/deep-learn-tutorial

Primary LanguageJupyter NotebookMIT LicenseMIT

Project generated with PyScaffold

deep-learn-tutorial

Quick tutorial on deep learning for Introduction to Data Science

Two notebooks showing simple deep learning models;

  1. Regression

  2. Image classification

Installation

Note: deep learning environments are large, if you want to speed up your conda commands, you can use [mamba]. See Installation steps 1-4 of this repo

In order to set up the necessary environment:

  1. Download the repository by clicking the big green [code] button on the github page, and downloading the ZIP archive.

Note: Repositories act as distributed backups and make collaboration on programming projects more efficient, so learning to use git and github together is really useful in research.

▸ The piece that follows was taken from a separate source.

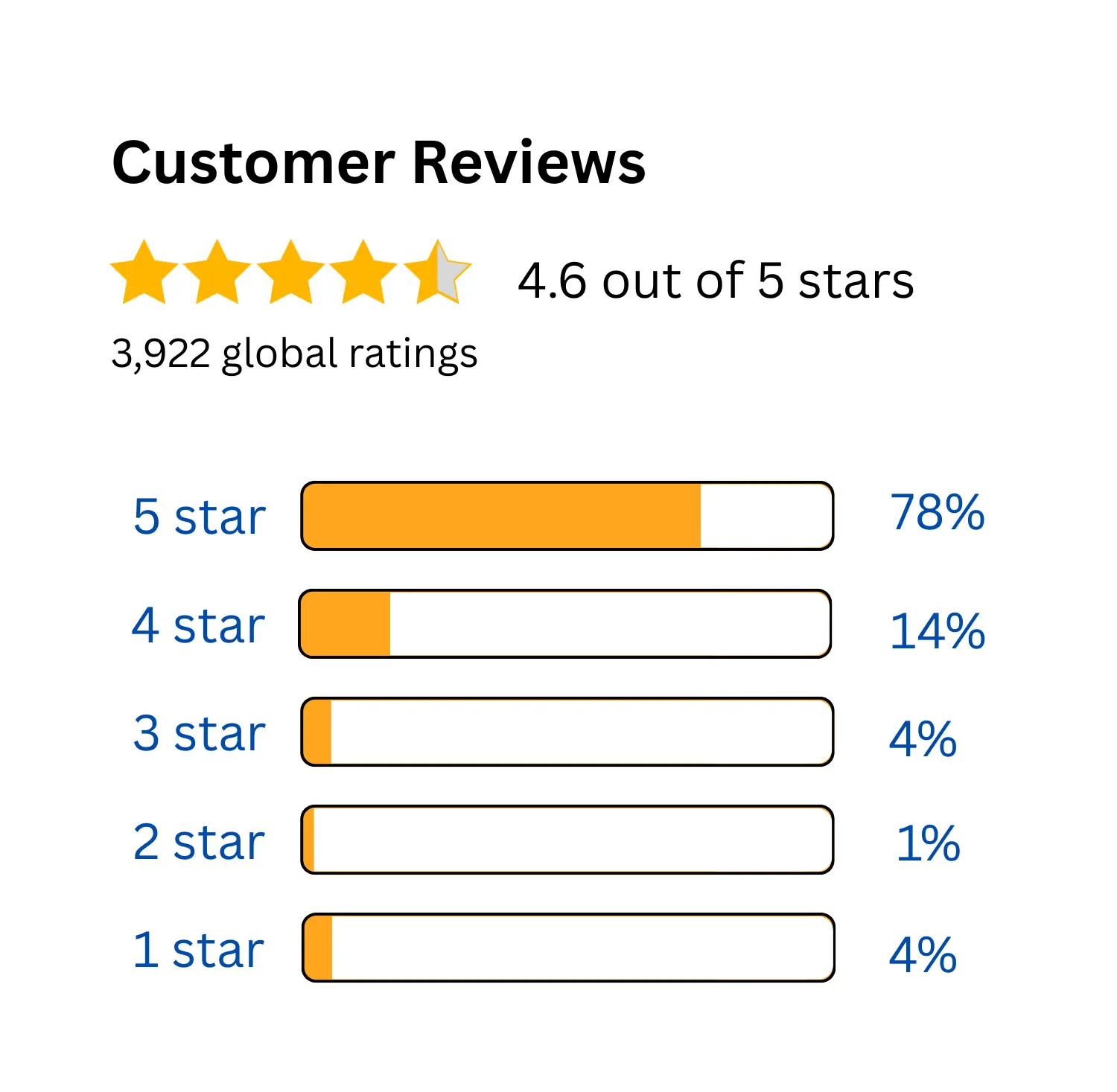 AMAZON REVIEWS (6)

  1. Unzip the archive to an easy-to-locate place

  2. Open the anaconda prompt

  3. Print your current directory to see where the prompt starts

    pwd
    
  4. Change the directory to your easy-to-locate-place

    cd easy-to-locate-place
    
  5. create a local environment stored in .env with the help of conda:

    conda config --set channel_priority strict
    
    conda env create -f environment.lock.yml -p ./.env
    

    Note: the following command assumes you left channel_priority as its default

    conda config --set channel_priority flexible
    
  6. activate the new environment with:

    conda activate ./.env
    
  7. run jupyter lab

    jupyter lab
    

Then take a look in the notebooks folders.

Dependency Management & Reproducibility

Note: I left this here for students to see how to properly utilize conda, but it is not necessary for the tutorial.

  1. Always keep your abstract (unpinned) dependencies updated in environment.yml and eventually in setup.cfg if you want to ship and install your package via pip later on.
  2. Create concrete dependencies as environment.lock.yml for the exact reproduction of your environment with:
    conda env export -p ./.env -f environment.lock.yml
    For multi-OS development, consider using --no-builds during the export.
  3. Update your current environment with respect to a new environment.lock.yml using:
    conda env update -p ./.env -f environment.lock.yml --prune

Project Organization

├── LICENSE.txt             <- License as chosen on the command-line.
├── README.md               <- The top-level README for developers.
├── configs                 <- Directory for configurations of model & application.
├── data
│   ├── external            <- Data from third party sources.
│   ├── interim             <- Intermediate data that has been transformed.
│   ├── processed           <- The final, canonical data sets for modeling.
│   └── raw                 <- The original, immutable data dump.
├── environment.yml         <- The conda environment file for reproducibility.
├── environment.lock.yml    <- The _pinned_ conda environment file for emergencies.
├── models                  <- Trained and serialized models, model predictions,
│                              or model summaries.
├── notebooks               <- Jupyter notebooks. Naming convention is a number (for
│                              ordering), the creator's initials and a description,
│                              e.g. `1.0-fw-initial-data-exploration`.
├── pyproject.toml          <- Build configuration. Don't change! Use `pip install -e .`
│                              to install for development.
├── references              <- Data dictionaries, manuals, and all other materials.
├── reports                 <- Generated analysis as HTML, PDF, LaTeX, etc.
│   └── figures             <- Generated plots and figures for reports.
├── setup.cfg               <- Declarative configuration of your project.
└── src
    └── deep_learn_tutorial <- Actual Python package where the main functionality goes.

Note

This project has been set up using PyScaffold 4.5 and the dsproject extension 0.7.2.